Food stocks dipped this week while general retailers continued to outperform, with brokers encouraged by some prudent management outlined in the updates.
UBS maintained its neutral stance on Next, although it said it would place its rating under review given the upgrade to company guidance and the recent rally in the sector. Next reported like-for-like sales in retail down 2.3 per cent for its first quarter, ahead of UBS’s estimate of -3 per cent. Trading benefited from a later Easter, with Directory sales up 1.6 per cent, but home continued to struggle.
Next has experienced an increase of £15m in profit forecasts, with the consensus being £352m and UBS’s forecast being £360m.
Buy N Brown, advised Investec following the home shopping group’s results last week. The broker observed: “The overall tone of the preliminaries meeting was one of strong and prudent management exercising control over the business, especially with regard to increased bad debt provisioning.
“In contrast, the wider stock market – based on share price reaction on the day – appeared to be taking the news as confirmation that it was right to be concerned on the issue of bad debts.”
Home shopping group Findel’s house broker Singer fretted that the possible closure of schools if swine flu spreads could hit the retailer. Singer cautioned: “A handful of closures thus far in London could quickly spread to other regions and, being the dominant player in the educational supplies business,
Findel’s education division could be vulnerable to downgrade.”
KBC Peel Hunt upgraded Carpetright to buy. Last week’s update disappointed some analysts, but KBC argued: “Looking ahead, Carpetright remains one of the few retailers we believe has the capability to recover peak EBIT margins.” The broker increased its price target from 400p to 650p.

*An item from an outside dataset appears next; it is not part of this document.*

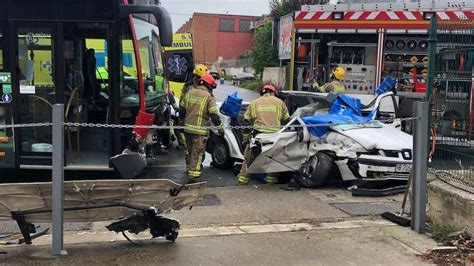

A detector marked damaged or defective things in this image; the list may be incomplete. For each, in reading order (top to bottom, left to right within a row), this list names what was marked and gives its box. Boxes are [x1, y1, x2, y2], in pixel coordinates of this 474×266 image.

wrecked white car [246, 92, 412, 188]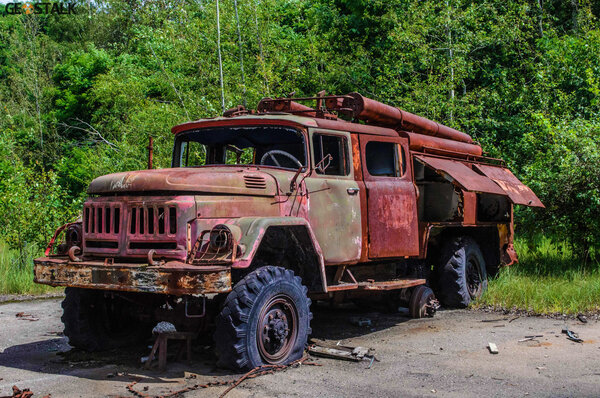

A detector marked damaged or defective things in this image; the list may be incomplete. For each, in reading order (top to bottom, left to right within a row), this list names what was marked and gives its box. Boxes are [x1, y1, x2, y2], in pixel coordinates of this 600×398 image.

KBC was also encouraged by the latest GfK NOP consumer confidence data, which showed improved sentiment about personal finances. The broker said: “This is generally a good lead indicator for retail sales performance, supporting the better than expected trading performance of the sector over the year to date and providing no reason to expect sales to drop away in the short term.”

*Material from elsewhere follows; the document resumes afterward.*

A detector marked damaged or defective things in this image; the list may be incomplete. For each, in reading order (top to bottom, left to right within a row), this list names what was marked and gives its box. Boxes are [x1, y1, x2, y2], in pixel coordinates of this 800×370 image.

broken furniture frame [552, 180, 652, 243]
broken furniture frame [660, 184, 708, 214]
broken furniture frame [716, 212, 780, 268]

The Government’s trade credit insurance top-up scheme revealed in the Budget provides a lift for retailers’ working capital requirements, said Seymour Pierce. “Complete withdrawal or partial reduction in trade credit insurance has become a growing concern over the course of the downturn,” the broker said.
Pali International increased its HMV target price by 20p to 145p after last week’s update, but retained its neutral stance. The broker said investors are partial to HMV’s “last man standing” entertainment positioning and ventures such as the move into live music, but noted the valuation is “pretty full”. Pali saw more upside in the “lowly rated” Game and WHSmith.